◆ WHAT YOU ARE ASKED TO DO: Make an exact copy of every entry below, with the pictures left out.

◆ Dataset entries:
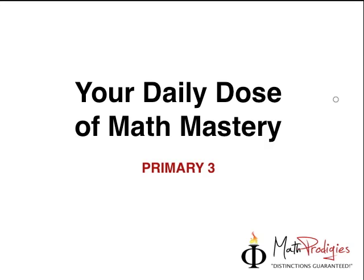This is Coach Seifel with your Daily Dose of Math Mastery, and today we're going to go into the money section of your Math Prodigies Assessment Paper No. 2. Make sure you have the question paper next to you because it's going to be very handy.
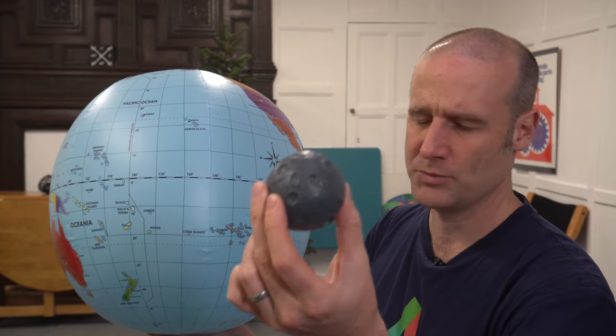Here we have the Earth, and I've also got the Moon — not to scale, should be bigger — and you're going to play the role of the Sun, also not to scale, should be less bright.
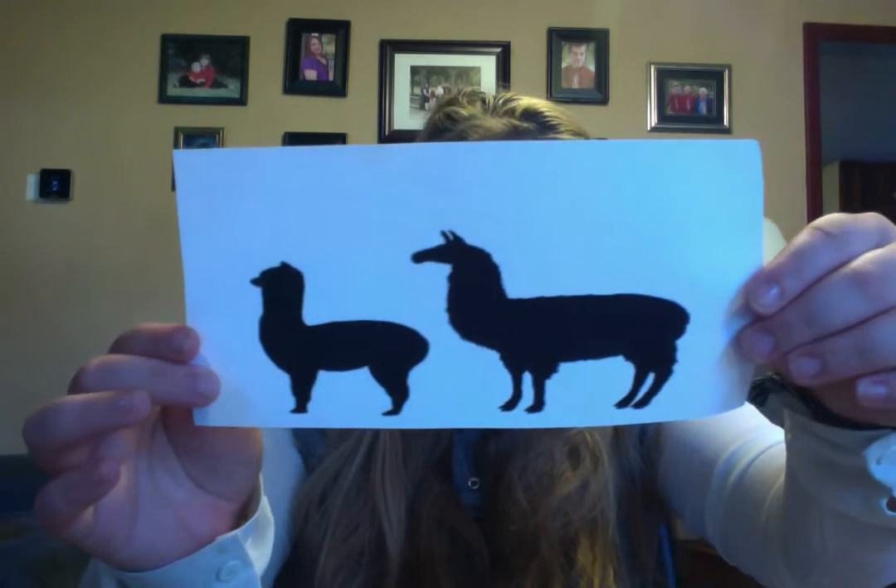First, I'm going to talk about the size difference. Here's a picture comparing llamas and alpacas next to each other so that you get a good visual image. Llamas stand about a foot taller than alpacas. Alpacas are usually between 4 and 5 feet tall and they weigh between 100 and 200 pounds. Llamas stand between 5 and 6 feet tall and weigh about 250 to 350 pounds.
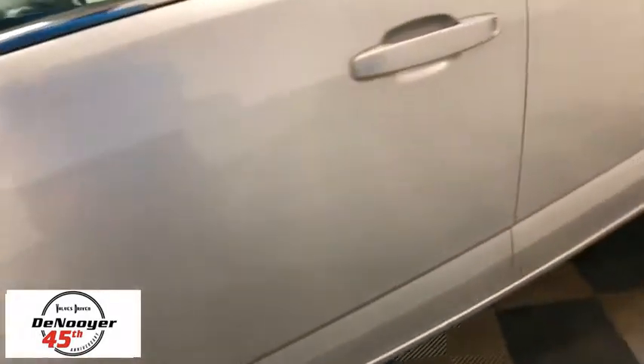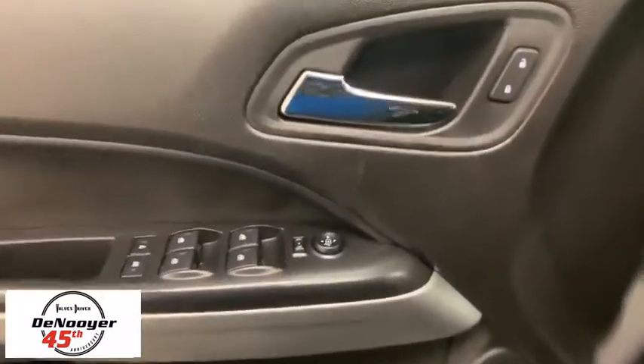Traction control, dual airbags, power steering, four-wheel disc brakes, compass, power windows, trip computer, security system, and electronic stability control.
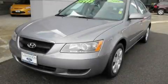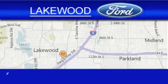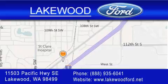Contact us today to arrange your test drive. Lakewood Ford is located at 11503 Pacific Highway Southeast in Lakewood. Our goal is to exceed all of your expectations to ensure that you'll return for future visits.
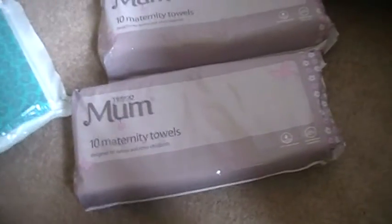So a few mummy and baby buys, mainly mummy buys this week, so some maternity towels — I picked them up because they're on offer.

◆ REPLY TO THE EXERCISE:
This is Coach Seifel with your Daily Dose of Math Mastery, and today we're going to go into the money section of your Math Prodigies Assessment Paper No. 2. Make sure you have the question paper next to you because it's going to be very handy.
Here we have the Earth, and I've also got the Moon — not to scale, should be bigger — and you're going to play the role of the Sun, also not to scale, should be less bright.
First, I'm going to talk about the size difference. Here's a picture comparing llamas and alpacas next to each other so that you get a good visual image. Llamas stand about a foot taller than alpacas. Alpacas are usually between 4 and 5 feet tall and they weigh between 100 and 200 pounds. Llamas stand between 5 and 6 feet tall and weigh about 250 to 350 pounds.
Traction control, dual airbags, power steering, four-wheel disc brakes, compass, power windows, trip computer, security system, and electronic stability control.
Contact us today to arrange your test drive. Lakewood Ford is located at 11503 Pacific Highway Southeast in Lakewood. Our goal is to exceed all of your expectations to ensure that you'll return for future visits.
So a few mummy and baby buys, mainly mummy buys this week, so some maternity towels — I picked them up because they're on offer.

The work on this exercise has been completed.